## Data for this exercise
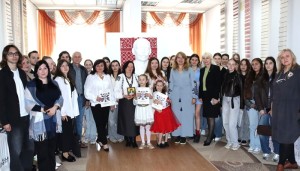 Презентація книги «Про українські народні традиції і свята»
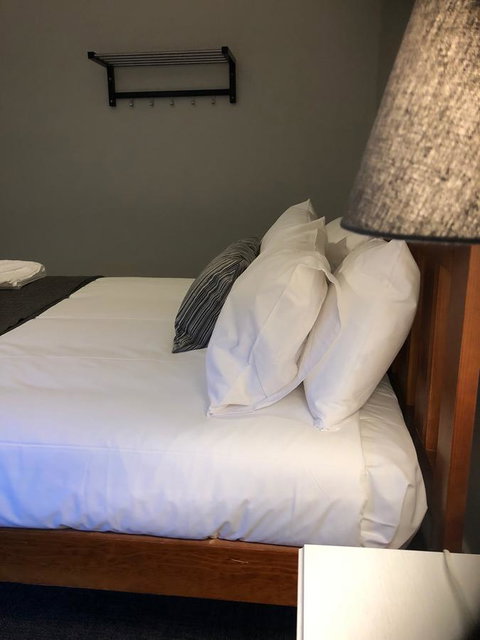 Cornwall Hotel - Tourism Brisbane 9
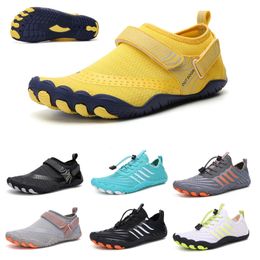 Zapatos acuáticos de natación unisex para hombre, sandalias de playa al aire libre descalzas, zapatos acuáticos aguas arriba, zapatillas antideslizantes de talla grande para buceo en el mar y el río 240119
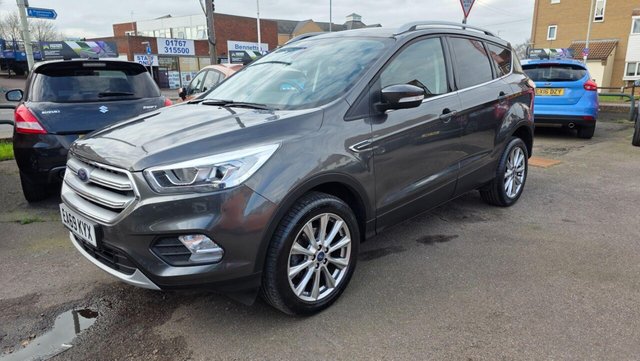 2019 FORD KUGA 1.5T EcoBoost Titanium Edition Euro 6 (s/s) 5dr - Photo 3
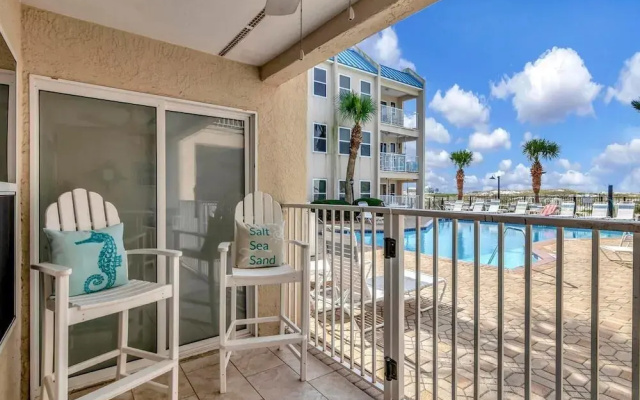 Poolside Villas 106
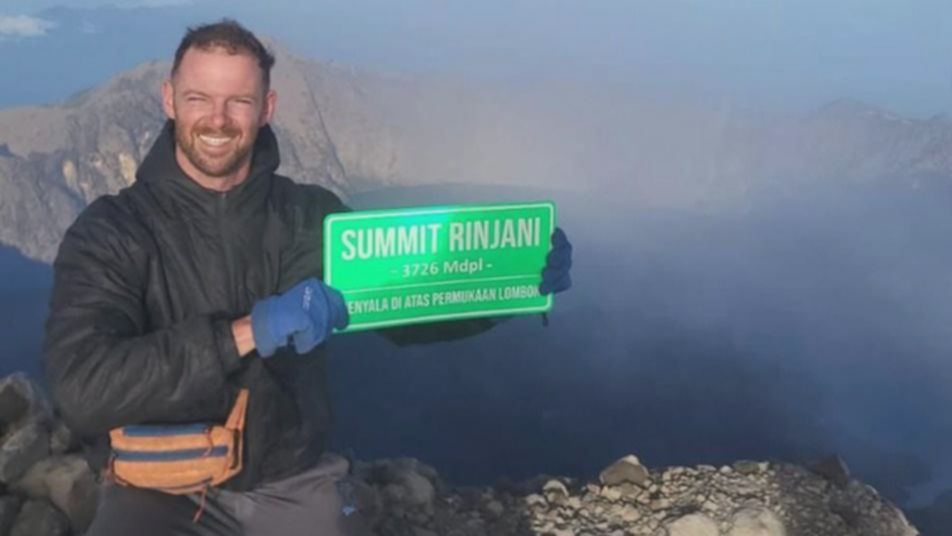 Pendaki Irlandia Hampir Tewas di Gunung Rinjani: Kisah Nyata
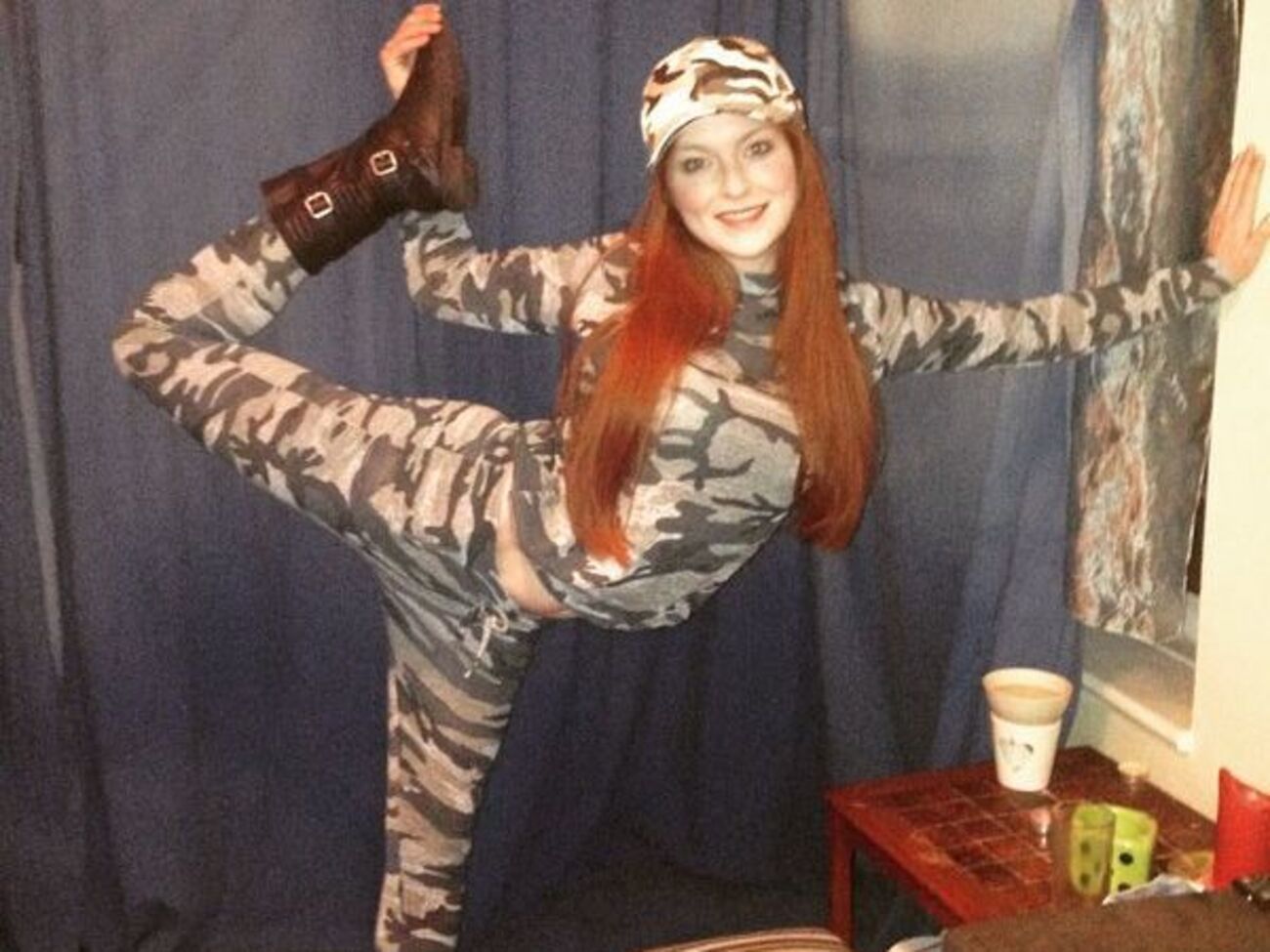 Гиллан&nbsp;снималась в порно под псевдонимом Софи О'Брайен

## Brief
Pictures stay out; all other material above is restated word for word.

## Written reply
 Презентація книги «Про українські народні традиції і свята»
 Cornwall Hotel - Tourism Brisbane 9
 Zapatos acuáticos de natación unisex para hombre, sandalias de playa al aire libre descalzas, zapatos acuáticos aguas arriba, zapatillas antideslizantes de talla grande para buceo en el mar y el río 240119
 2019 FORD KUGA 1.5T EcoBoost Titanium Edition Euro 6 (s/s) 5dr - Photo 3
 Poolside Villas 106
 Pendaki Irlandia Hampir Tewas di Gunung Rinjani: Kisah Nyata
 Гиллан&nbsp;снималась в порно под псевдонимом Софи О'Брайен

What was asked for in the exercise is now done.